Abstract: Conventionally, receiving kickbacks by brokers is thought to be detrimental to customers. However, this might not be true if the customers are sophisticated. Focusing on the employer-sponsored health insurance market, this paper examines how brokers advise large employers and the consequences of brokers' incentive changes. I find that a reduction in brokers' kickbacks can adversely affect broker-intermediated plans, resulting in higher premiums and worse plan qualities, likely due to brokers' decreasing effort in information acquisition. Better-governed firms control premium increases by discontinuing the brokerage service. The negative effect on premiums occurs for public firms, but not for private firms that are less sophisticated and receive lower-quality advice even before. Firms in more competitive brokerage markets experience less premium distortion. Overall, regulations on brokers' compensation can have unintended consequences on sophisticated customers.


Fired Up or Burned Down: Wildfires and VC Investment (with Wen Wang and Zhengchu Zhang) 

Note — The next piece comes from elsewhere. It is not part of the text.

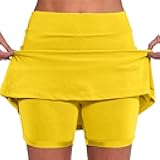 SHAOBGE Athletic Yoga Culottes for Women Solid Color Elastic Shorts Summer Lightweight High Waist Skinny Joggers Skirt 2024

(Draft available upon request)

Abstract: Using novel data on wildfires and smoke, this study examines the behaviors of Californian venture capitalists (VCs) and VC-backed startups following such events. Employing exogenous climate change-induced wildfires as a natural experiment, we compare outcomes for firms located within fire zones to those that are not. We find that venture capitalists increase their investments in ESG-oriented startups after experiencing wildfires and smoke, although their total investment amount declines. We also distinguish the effects of wildfires from those of smoke, revealing that wildfires exert a stronger impact on investment behavior. For VC-backed startups, our results show an increase in green patent production post-wildfires. However, wildfires have detrimental effects if encountered during the nascent stage of the startups. This study contributes to the literature on the determinants of ESG investing and the influence of personal experience on financial decisions.


Environmental Scandals and Green Products (with Wan-Chien Chiu, Po-Hsuan Hsu, and Kai Li)

(Draft coming soon)

In this paper, we apply a novel text-based classification procedure to identifying green trademarks in the USPTO trademark dataset and study the development of environment-friendly products and services in the US economy over the past forty years.

Publications

1. Bankrupt Innovative Firms (with Song Ma and Wei Wang) [SSRN link]

Management Science (2022)


2. Health Care Costs and Corporate Investment [SSRN link]

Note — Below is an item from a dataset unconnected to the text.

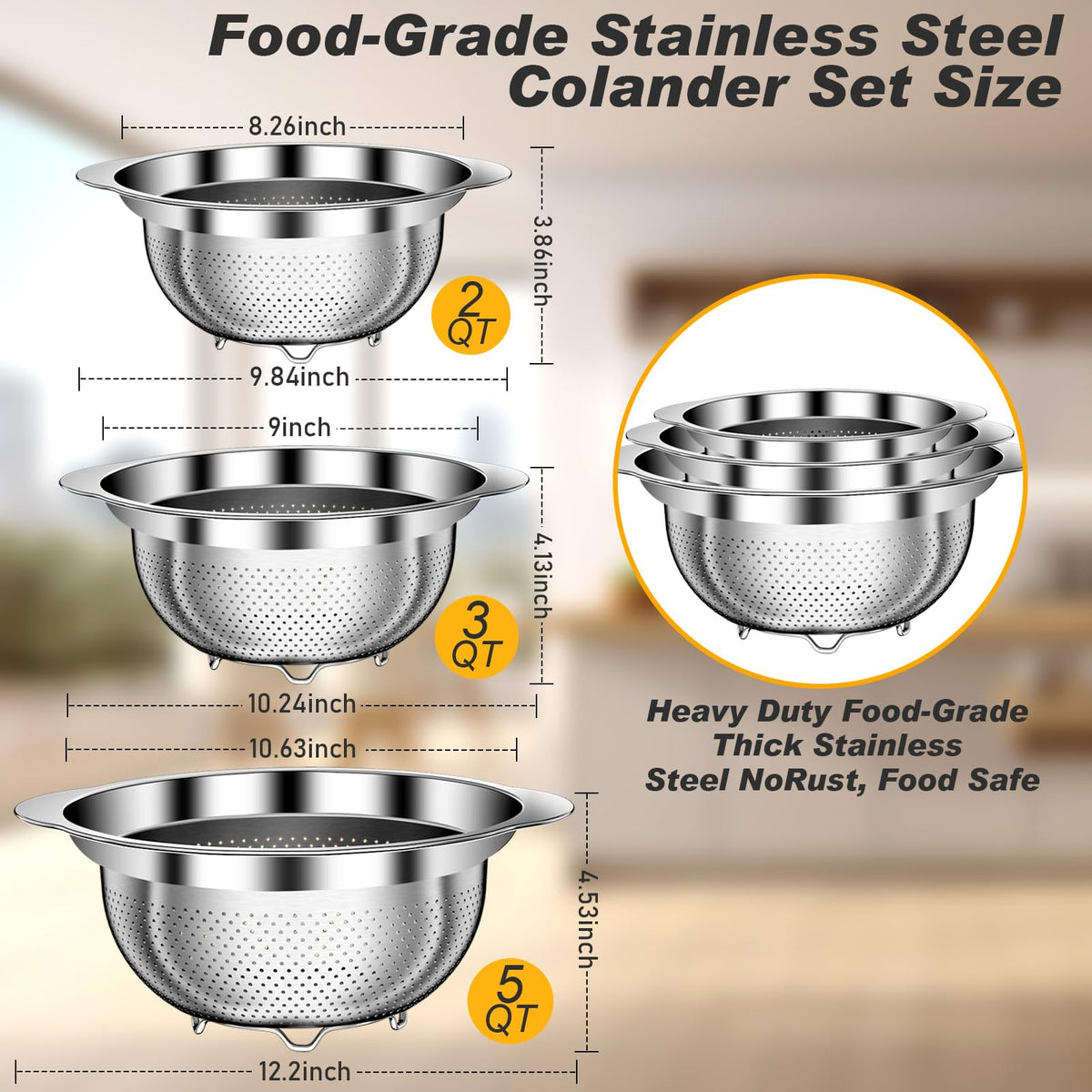 Colander, Stainless Steel Colander for Kitchen, 3Pcs Kitchen Gadget Food Strainer Basket with Handle, Kitchen Strainer Colanders Bowl for Pasta Noodles Spaghetti Vegetables Fruit (2QT, 3QT, 5QT)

The Review of Financial Studies (2024)

Abstract: Health care costs for U.S. employers have tripled in the past twenty years. Using firm-specific health expense data, I show that firms negatively adjust capital expenditures and R&D expenses in response to changes in health care costs. The effects are more pronounced for firms that are financially constrained, employ more high-skilled workers, and have less bargaining power relative to insurers. Furthermore, policy uncertainty surrounding health care costs is substantial and discourages capital investment. The findings suggest that an elevated level of health care costs and the associated uncertainty limit a firm's ability to expand physically or through innovation.